Argued and Submitted Feb. 8, 1994. Decided July 13, 1994


Before: ALARCON and FERNANDEZ, Circuit Judges, and WILSON, District Judge1 

MEMORANDUM2 

Presently before the Court is a Civil Rights action filed under 42 U.S.C. 1983. The District Court dismissed the action with prejudice by means of an order dated August 21, 1992. The District Court also denied Appellants leave to amend for purposes of adding a claim under the Equal Protection clause of the Fourteenth Amendment.

Dismissal is appropriate pursuant to Rule 12(b) (6) of the Federal Rules of Civil Procedure where it appears beyond doubt that plaintiffs can prove no set of facts in support of the claim which would entitle them to relief. Buckey v. County of Los Angeles, 968 F.2d 791 (9th Cir. 1992), cert. denied, 113 S. Ct. 599 (1992).
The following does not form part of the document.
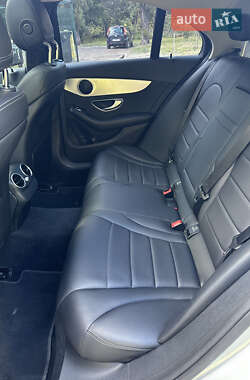 Седан Mercedes-Benz C-Class 2017 в 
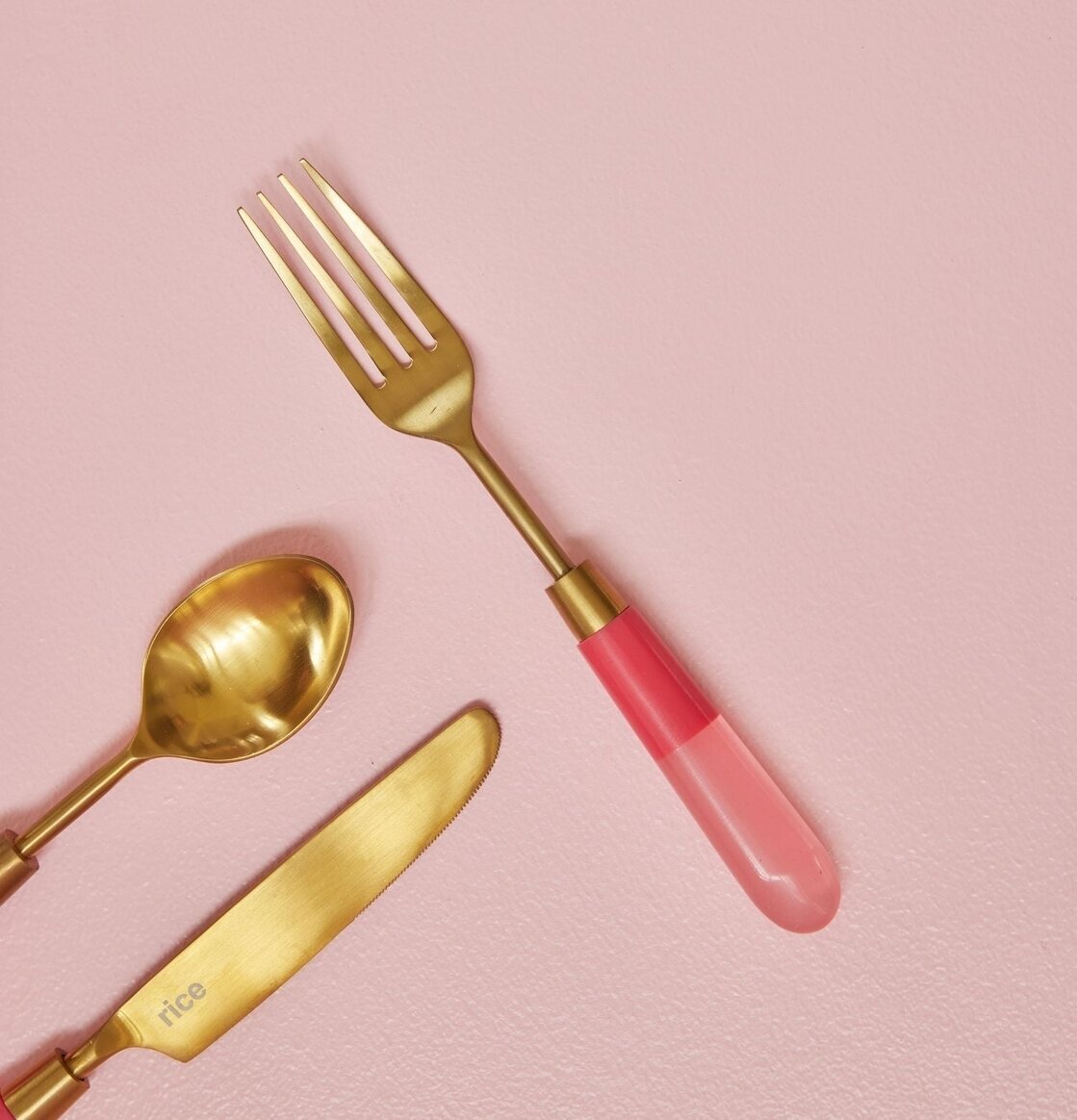 Mässingsbestick Gaffel Rosa från Rice på ljusrosa yta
We review de novo the decision to dismiss. Oscar v. University Students Co-operative Association, 965 F.2d 783, 785 (9th Cir. 1992), cert. denied, 113 S. Ct. 655 (1992). We may affirm on any grounds supported by the record. Kruso v. International Tel. & Tel., Corp., 872 F.2d 1416, 1421 (9th Cir. 1989), cert. denied, 496 U.S. 937, 110 S. Ct. 3271 (1990).

Appellants first argue that the District Court erred in dismissing their claim that San Quentin's policy of refusing the inmates conjugal visits violates the Eight Amendment because it amounts to a deprivation of the inmates' constitutional rights.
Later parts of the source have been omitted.